Data shown section start

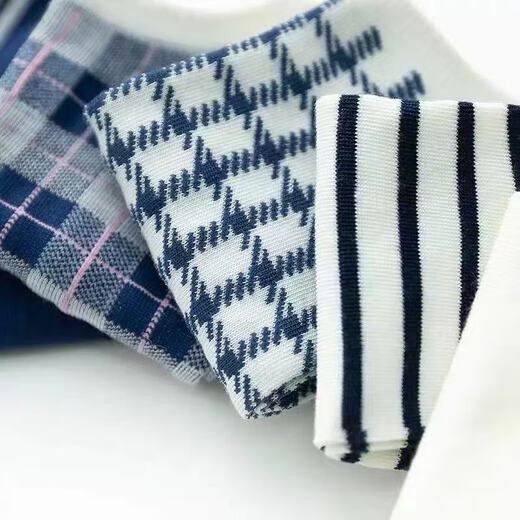 Spring and summer hot socks for women, low houndstooth retro men's short tube Japanese shallow mouth invisible boat socks wholesale, one pair of five colors, a total of 5 pairs [houndstooth]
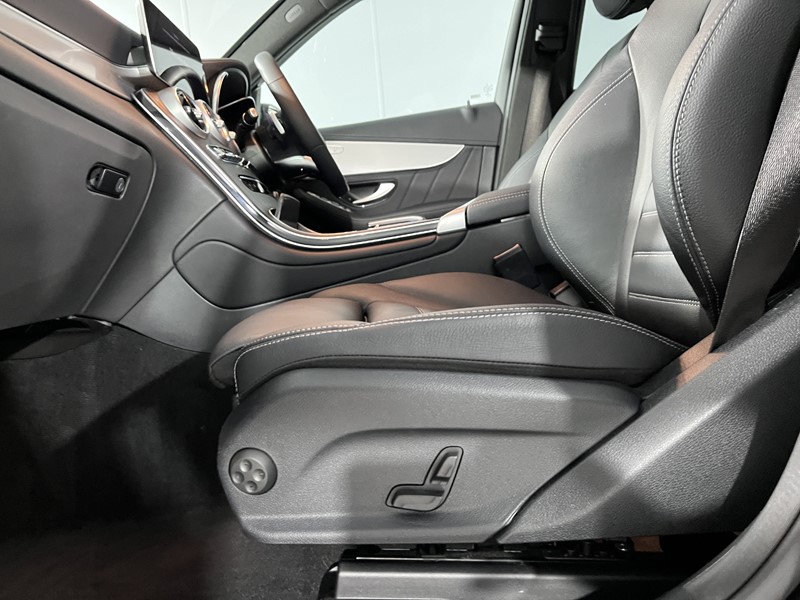 2022 (22) MERCEDES-BENZ GLC 300d 4Matic AMG Line Premium 5dr 9G-Tronic 5101929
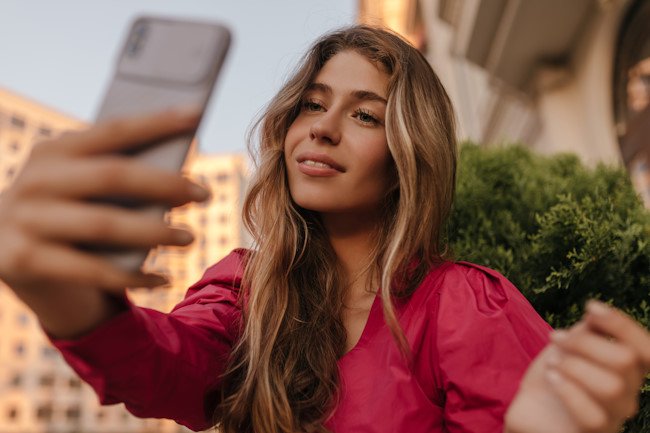 Молодая девушка с каштановыми волосами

Data shown section end

## Work item:
Hand back exactly the lines from the one with "2022 (22) MERCEDES-BENZ" through the last line of the data above, both ends included, with every picture left out.

## Result of this task:
 2022 (22) MERCEDES-BENZ GLC 300d 4Matic AMG Line Premium 5dr 9G-Tronic 5101929
 Молодая девушка с каштановыми волосами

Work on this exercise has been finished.